Infix functions in Kotlin provide a way to call single-argument functions without requiring the parentheses. We can define an infix function for calculating percentages:

```
infix fun Number.percentOf(value: Number): Double {
return if (this.toDouble() == 0.0) 0.0
else (value.toDouble() / this.toDouble())
}
```

Subsequently, we can test our infix function to ensure its functionality:

```
@Test
fun `when using infix function, 10 percentOf 200 should return 20`() {
val result = 10 percentOf 200
assertEquals(20.0, result)
}
```

This test verifies that *percentOf()* accurately computes 10 percent of 200 as 20%.

### 3.4. Utilizing *BigDecimal* for Precision

Additionally, thanks to Kotlin’s Java interoperability, we can use *BigDecimal* for calculations requiring high precision:

```
fun BigDecimal.percentOf(total: BigDecimal): BigDecimal {
return if (total == BigDecimal.ZERO) BigDecimal.ZERO
else this.divide(total, 5, BigDecimal.ROUND_HALF_UP) * BigDecimal(100)
}
```

*BigDecimal* ensures precision in our percentage calculations, which is especially useful for financial applications. In this example, we’ll round to five decimal points of precision and follow natural mathematic rounding rules with *ROUND_HALF_UP*.

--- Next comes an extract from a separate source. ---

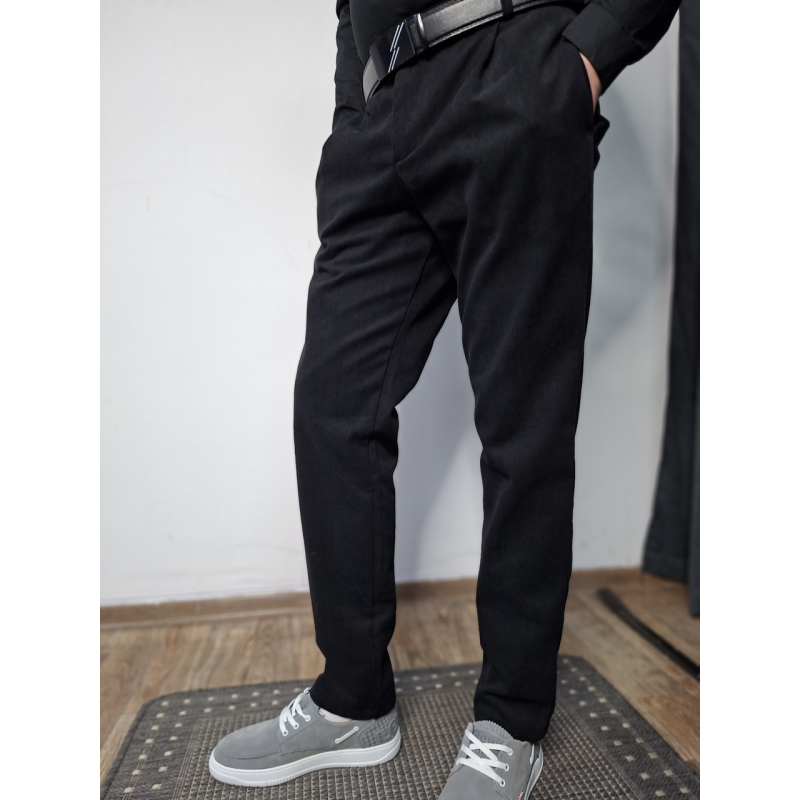 Чоловічі чорні котонові штани звужені casual XXL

Let’s also write a unit test to verify this approach:

```
@Test
fun `calculate percentage using BigDecimal for high precision`() {
val part = BigDecimal("25")
val whole = BigDecimal("200")
val expectedPercentage = BigDecimal("12.50")
val resultPercentage = part.percentOf(whole)
assertTrue { resultPercentage.compareTo(expectedPercentage) == 0 }
}
```

Finally, after calculating a percentage, formatting the output to indicate a percentage can enhance readability. Let’s define a formatting function, and then use one of our percent functions and print the result:

```
fun Number.formatPercent() = "$this%"
val percentage: Double = 10 percentOf 200
println(percentage.formatPercent())
```

This simple extension function appends a percent symbol to our *percentage* and will print “50.0%”, making it clear that the value represents a percentage.

## 5. Conclusion

Calculating percentages in Kotlin can lead to inaccuracies if not handled correctly due to integer division. We can ensure precise calculations by converting operands to floating-point numbers. Kotlin provides many ways to create readable ways to handle this calculation. Finally, we discussed how to format percentages to help convey intent when displaying the result.

As always, the code used in this article is available over on GitHub.